Ban and Buy: U.S. States' Love-Hate Relationship With Tesla
Want to drop by a Tesla store? You're out of luck in more than half of the U.S. The electric carmaker's 78 U.S. stores are spread out among 21 states and Washington, D.C., with about a third of them in California alone, a map on the company's website shows.
Tesla's business model is different to many other automotive manufacturers as it sells cars directly to consumers through one of its stores or online as opposed to an independent dealership franchise. In the map below, the states in green have Tesla stores while the ones in red don't.
Some states likes Texas and Michigan have passed legislation that bans manufacturers from directly selling their cars through stores — effectively preventing Tesla from opening up shop within their borders. Tesla's website says stores are coming soon to Owings Mills, Maryland and Greenwich, Connecticut. There are some states that don't have Tesla stores but do have "galleries," which allow you to admire a Model S's specs without being able to drive away with one.
But a state's ban on manufacturers directly selling vehicles doesn't mean its public pensions can't own a piece of Tesla itself. Thirteen large U.S. public pension funds that have to file 13F reports held shares in Tesla as of June 30, according to data compiled by Bloomberg. This includes public pensions in Michigan and Texas — two states where the direct sales of Teslas are prevented by law.
After the second quarter of this year, Michigan's treasury department sold its shares of Tesla in order to pay for benefit payments and lock in gains, spokeswoman Danelle Gittus said in an e-mail. The sale resulted in a gain of more than $22 million for four different pension systems, including the plans for police and judges, she said. Juliana Helton, a spokeswoman for the Teacher Retirement System of Texas, declined to comment on the pension fund's investment in Tesla.

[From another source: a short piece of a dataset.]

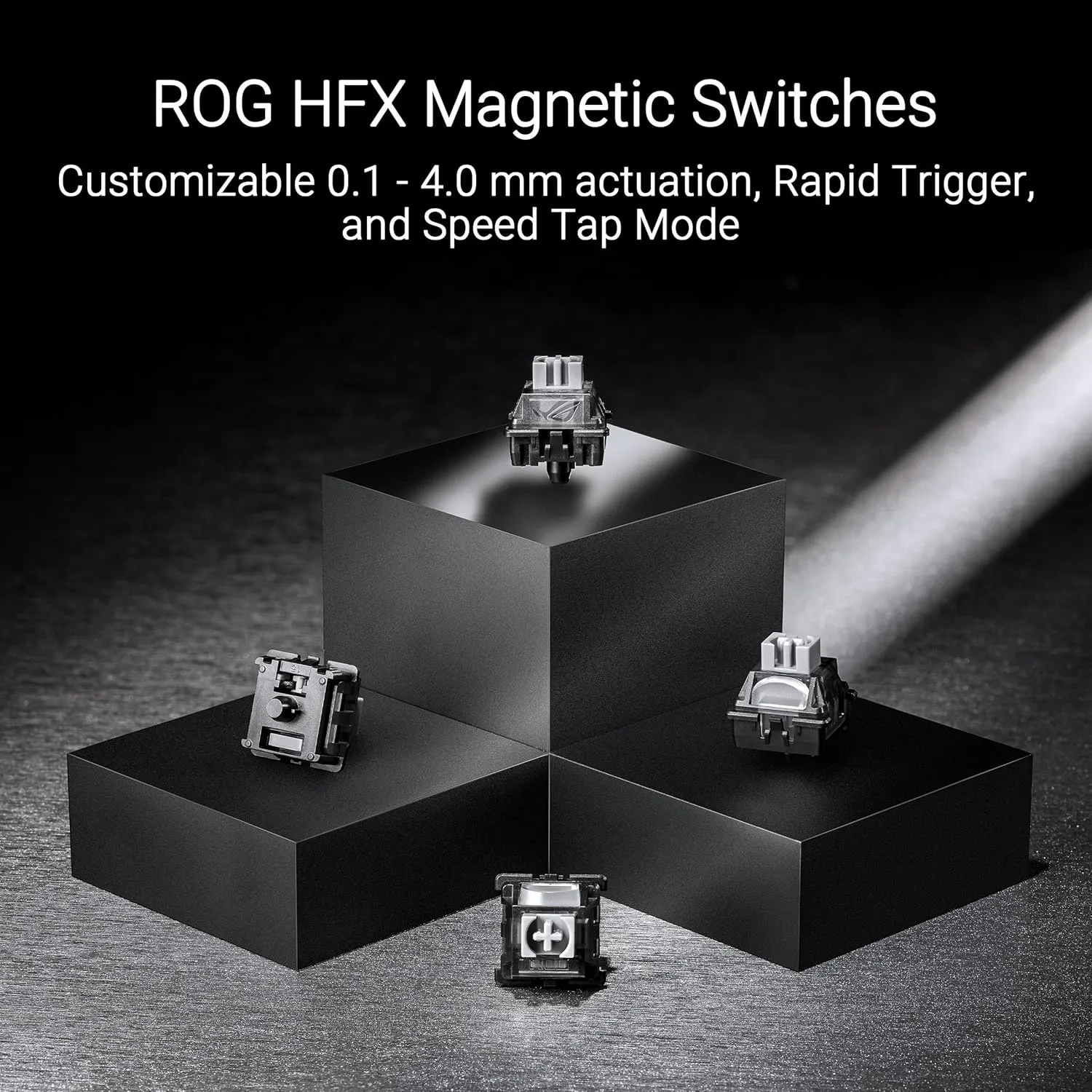 ROG Falchion Ace HFX 65% gaming keyboard with ROG HFX magnetic switches, rapid trigger toggle, 8000 Hz polling rate, three-layer dampening foam, silicone gasket mount, touch panel and protective cover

New York, which the data show owns the most Tesla stock of the public pensions, holds about $98.3 million in Tesla shares, said Matthew Sweeney, a spokesman for the state comptroller. About 346,000 of the fund's shares are held in index holdings and the rest are held by active managers, he said.
Public pension plans have to do what's best for their beneficiaries by making prudent investment decisions, said Keith Johnson, who represents pension funds for law firm Reinhart Boerner Van Deuren. "They're not supposed to make decisions based on political preferences," he said. "It's not a public policy question for the public pension fund, it's, 'Is this a good investment?'"
Tesla's shares have been on a wild ride this year. As of the end of trading on Sept. 14, shares of the company have fallen 18.17 percent since the start of the year. Tesla has been fighting to purchase money-losing solar company SolarCity Corp., while the electric carmaker has also been under scrutiny following a fatal crash of a Model S in May.
If you have bought a Tesla in your state and want to take it for a spin, here's something worth keeping in mind: Electric cars do not produce pollution when driving on the road, but there usually are some emissions associated with the power that charges their batteries. The carbon footprint of your Tesla road trip may depend on where in the U.S. you plug in your car. The map below shows the carbon intensity of power produced in each state, using 2014 datasets from the U.S. Energy Information Administration. Hover over the map to see how many metric tons of carbon dioxide are associated with each megawatt-hour of power produced in each state in 2014.
If you want a really low carbon charge for your Tesla, the best state to plug-in would probably be Vermont, where power generation has an emissions intensity of nearly zero. Meanwhile, Wyoming's power generation is on the opposite end of the scale with an emissions intensity of about 0.95 metric ton of CO2 per megawatt-hour.